Ze werd bekend als naamgever van de ‘Vogelaarwijken’, achterstandswijken in Nederland die ‘prachtwijken’ moesten worden. Ze hield het slechts anderhalf jaar uit en werd geloosd door de top van de Partij van de Arbeid met voorop Wouter Bos. Grotere tegenstelling dan tussen de van Shell afkomstige Bos en De Horst-alumnus Vogelaar was niet denkbaar. Treurig blijft nog altijd het beeld van Vogelaar die minutenlang zwijgend blijft staan tegenover de hondsbrutale en uitdagende Rutger Castricum (dat die hoernalist nog altijd prominent op de buis te zien is blijft onbestaanbaar, zoiets kan alleen in Hilversum).
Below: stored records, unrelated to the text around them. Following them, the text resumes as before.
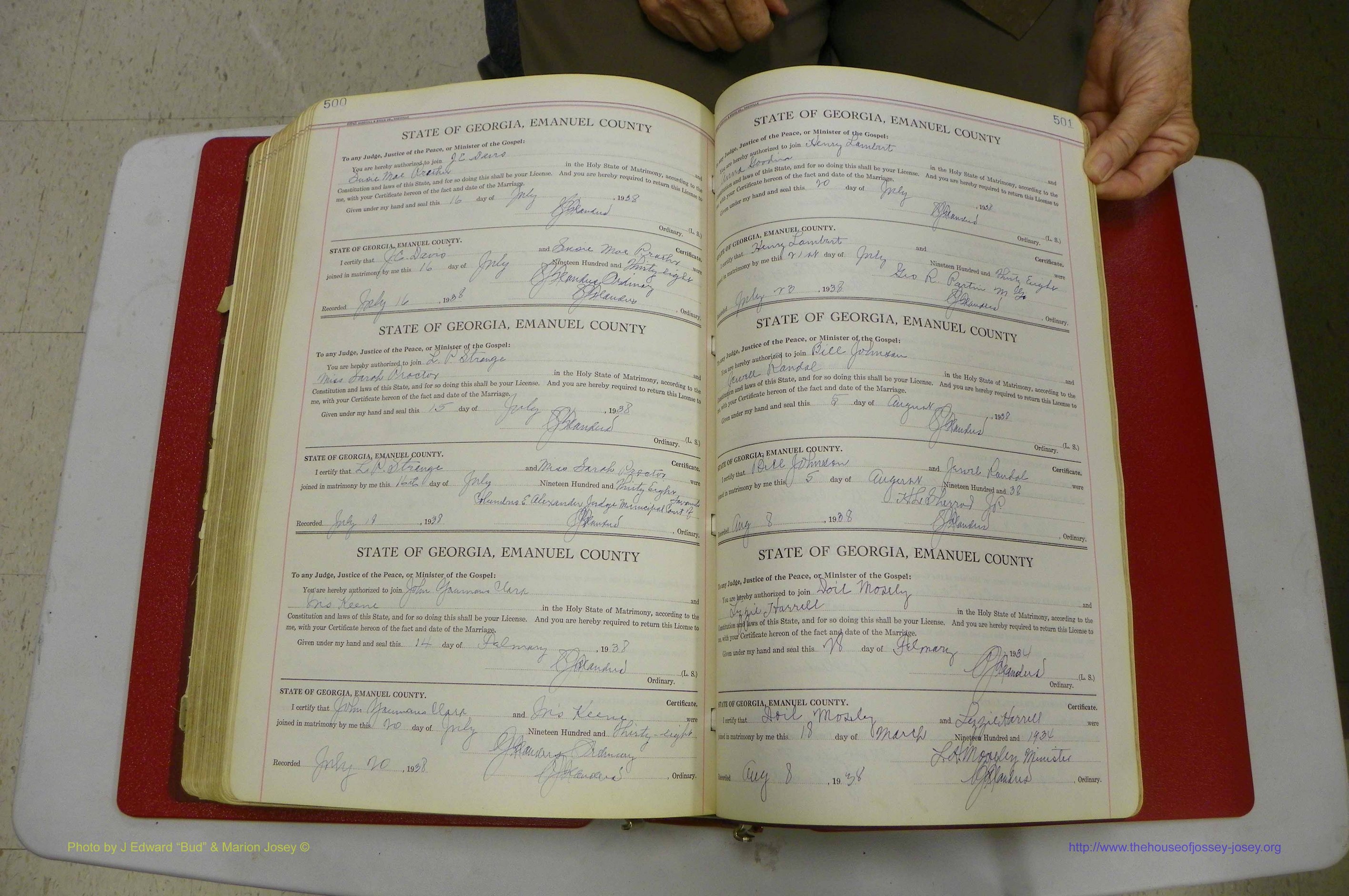 Emanuel Co, GA, Marriages Book G, 1928 - 1940, White, P 500-501.JPG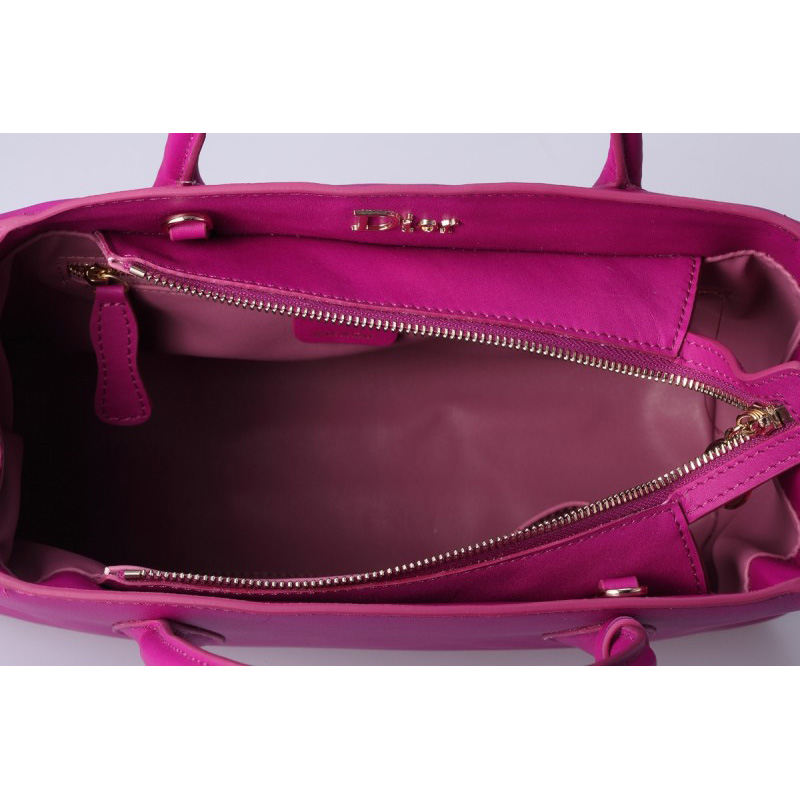 Dior DiorBar Top Handle Bag Calf Leather D033 Fuchsia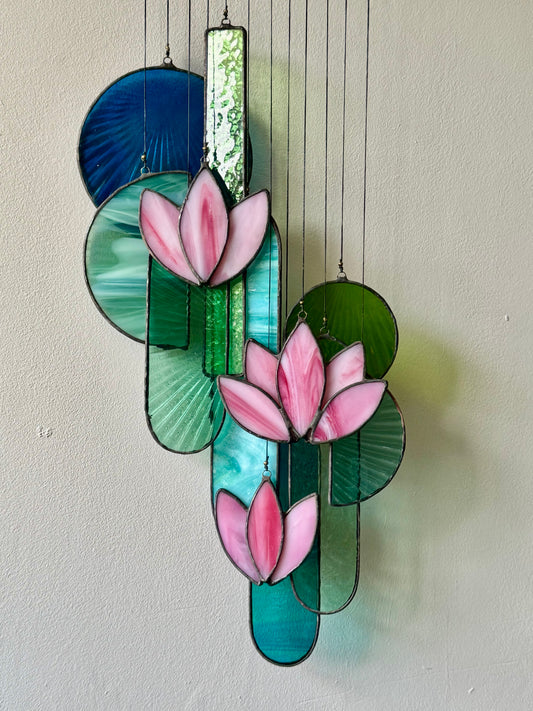 Pink Lotus Stained Glass Sun Catcher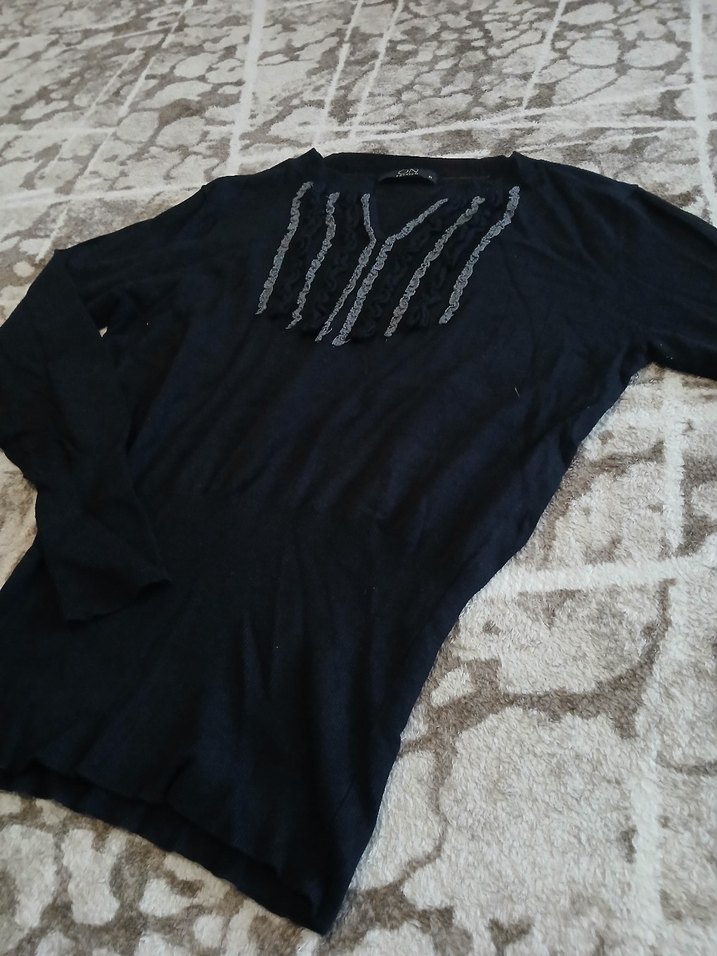 Nakışlı Siyah Uzun Kollu Triko Kazak - Görsel 3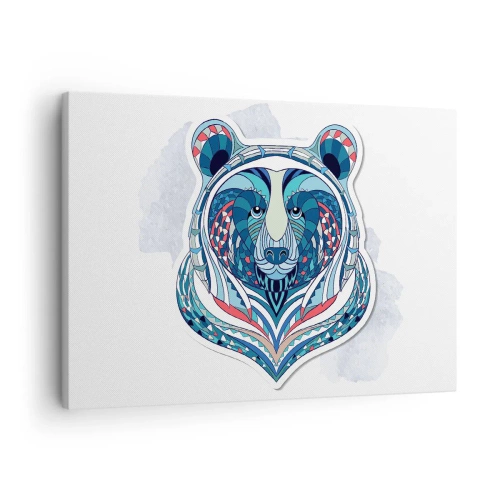 Obraz na plátně - Geometrický medvěd v odstínech modré a červené - 70x50cm - Eviva Grenlandia! - Moderní nástěnná dekorace do obývacího pokoje a ložnice ARTTOR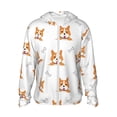 thumbnail image 1 of Sun Protection Hoodie Jacket - Funny Cute Corgi Dog Bones_A Sun Shirts For Men Women Long Sleeve With Pocket Lightweight Outdoor, 1 of 2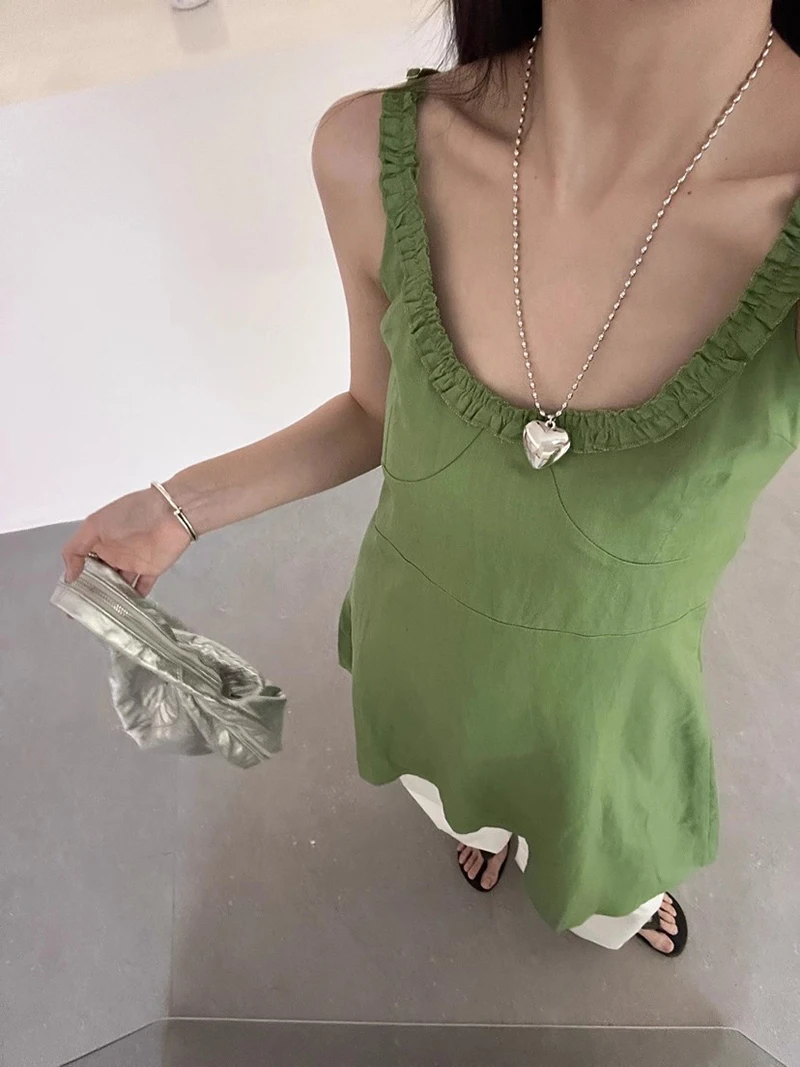 ReddaChic Casual Plain Linen Women Mini Dress Solid Spaghetti Strap Crew Neck Sleeveless A-line Sundress Holiday Summer Clothes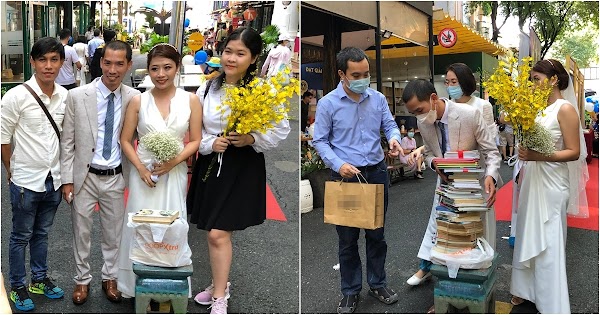 Cặp đôi làm đám cưới ở đường sách TP.HCM: Váy cưới mượn bạn, miễn phong bì, chỉ xin sách cũ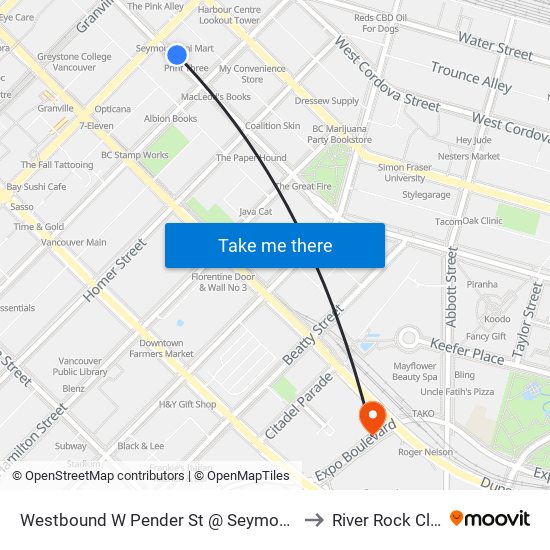 Westbound W Pender St @ Seymour St to River Rock Club map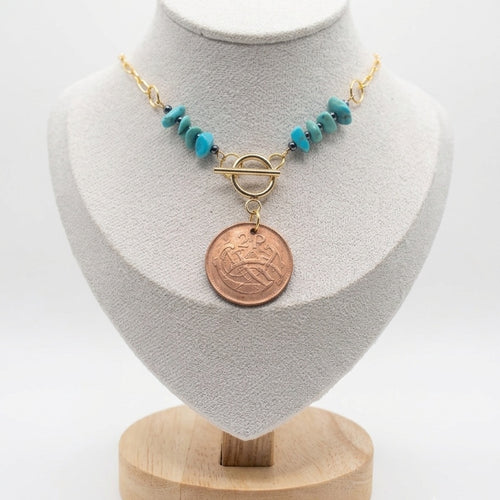 1988 Irish 2p Coin, Turquoise and Hematite Necklace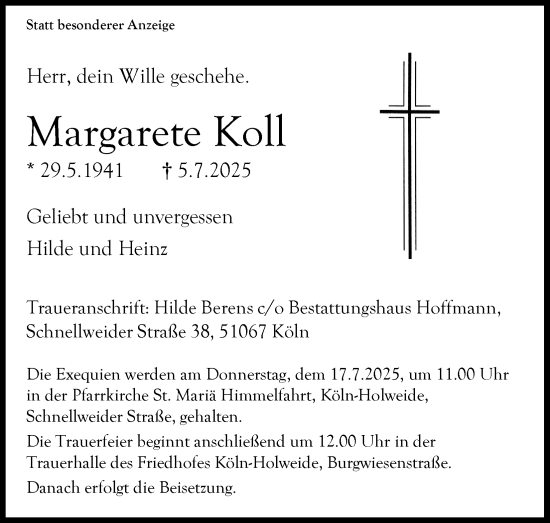 Anzeige von Margarete Koll von Kölner Stadt-Anzeiger / Kölnische Rundschau / Express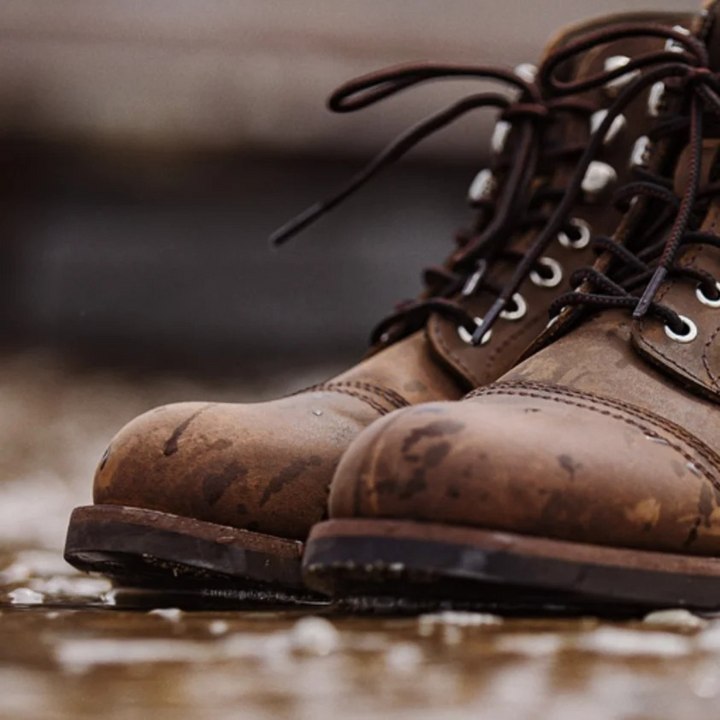 Mens Leather Combat Boots Lace-Up Style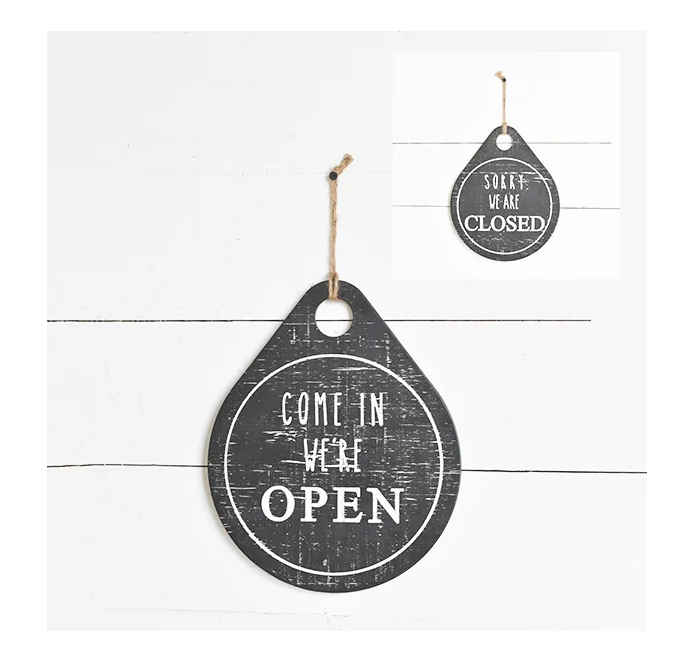 OPEN / CLOSED TEARDROP SIGN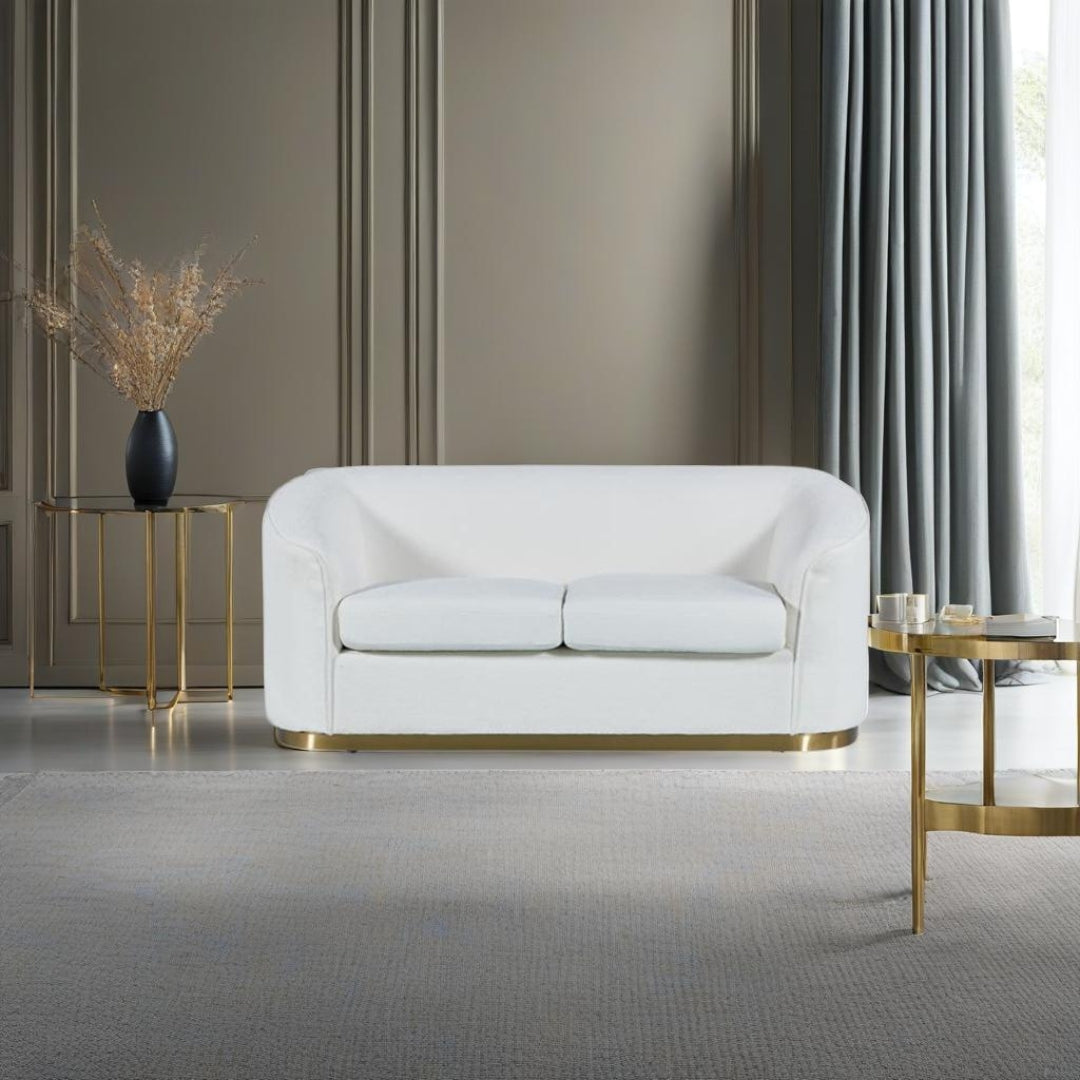 Bellissimo Oro 2 Seater Sofa Gold Base Bertoni Boucle Upholstery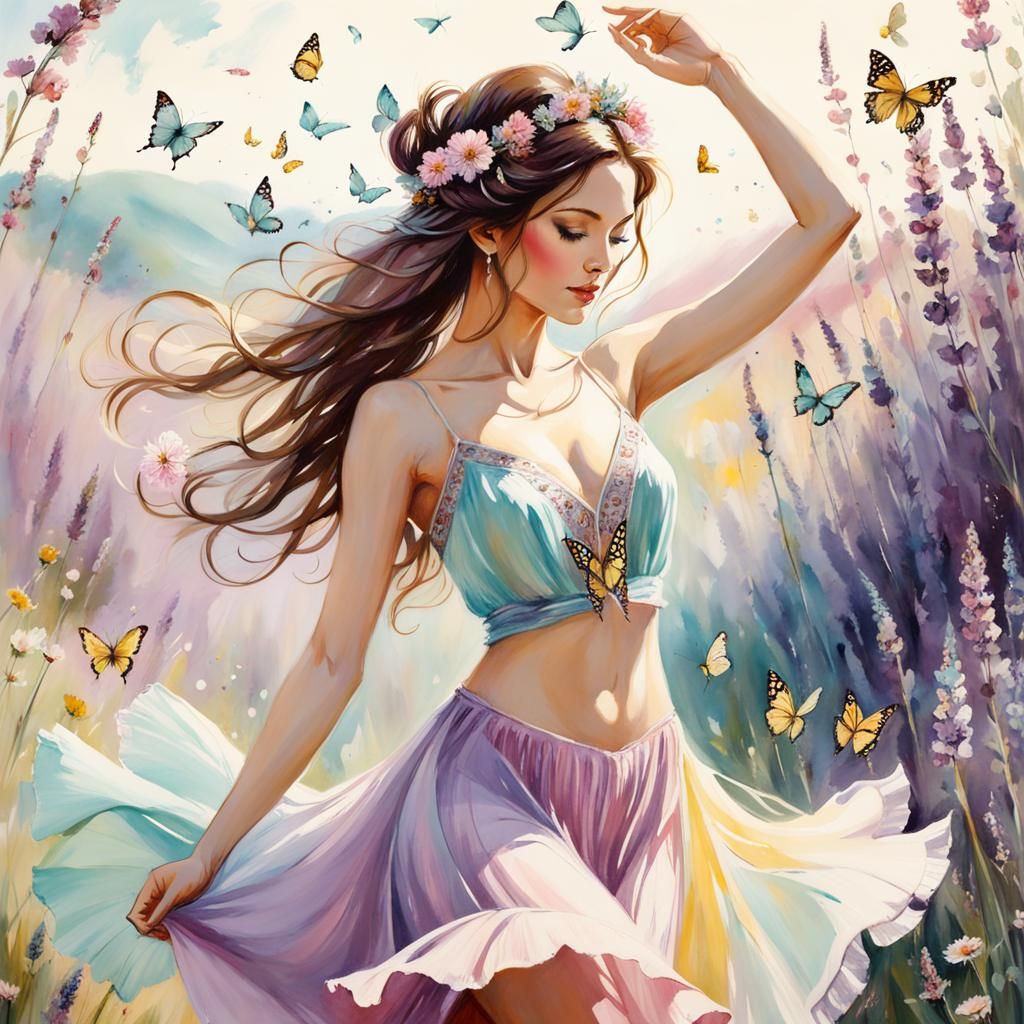 Bohemian Woman in Pastel Flower Valley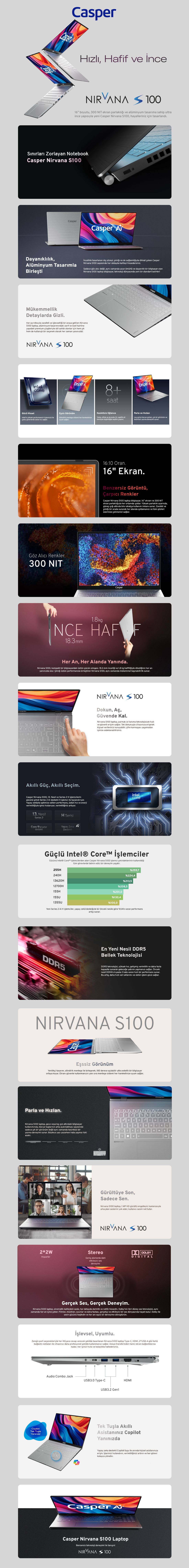 Casper Nirvana S100 Intel Core i5 13420H 16GB 1TB SSD Freedos 16" Taşınabilir Bilgisayar S100.1342-BF00X-G-F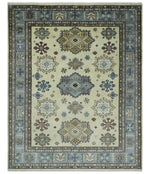 8x10 Fine Hand Knotted Blue and Beige Traditional Vintage Persian Style Antique Wool and Silk Rug | TRDCP510810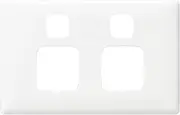 HPM Linea 2 Gang Double Powerpoint Horizontal Coverplate, White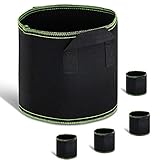 Growneer 5-Pack 5 Gallons Planting Grow Bags Aeration Fabric Pots w/ Handles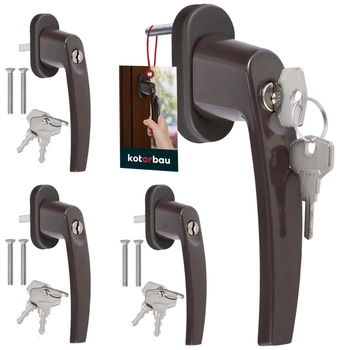 Klamka okienna z kluczykiem aluminiowa brązowa zestaw 4 szt.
Ze schreef over haar ministerschap met haar nieuwe partner Onno Bosma, ook afkomstig Algemene Bond van Onderwijzend Personeel en eveneens enige tijd lid van de CPN, een boek en had nadien tot haar ontijdige dood een aantal commissariaten. Misschien moet je zeggen dat ze karakterologisch niet geschikt was voor het ministerschap – wat niet tegen haar pleit, want in deze wereld van achterbaksheid en intriges, gekoppeld aan mediageile hoernalisten als die van Geen Stijl destijds (het is nu, met de uitbreiding van sociale media alleen maar moeilijker geworden in de politiek) moet je wel een schaap met vijf poten zijn om dit uit te houden. Of dit mislukte ministerschap en de beeldvorming rondom haar persoon mede geleid hebben tot haar zelfgekozen dood blijft gissen.
Ook Bron stond voor dat raadsel en het is mede om die reden dat hij na haar dood het spoor terug gevolgd heeft naar hun studietijd en hun liefde. Hij schreef een indringend en haarscherp portret van hun relatie en van ‘workaholic’ Ella Vogelaar. En dat onder een goed gekozen titel die tweeledig kan worden geduid. Zij zocht zichzelf niet, want ze leefde niet voor zichzelf maar voor anderen. Maar ook: ze is zichzelf kwijtgeraakt in haar onophoudelijke zoektocht de wereld te verbeteren. Een tragisch en aangrijpend boek.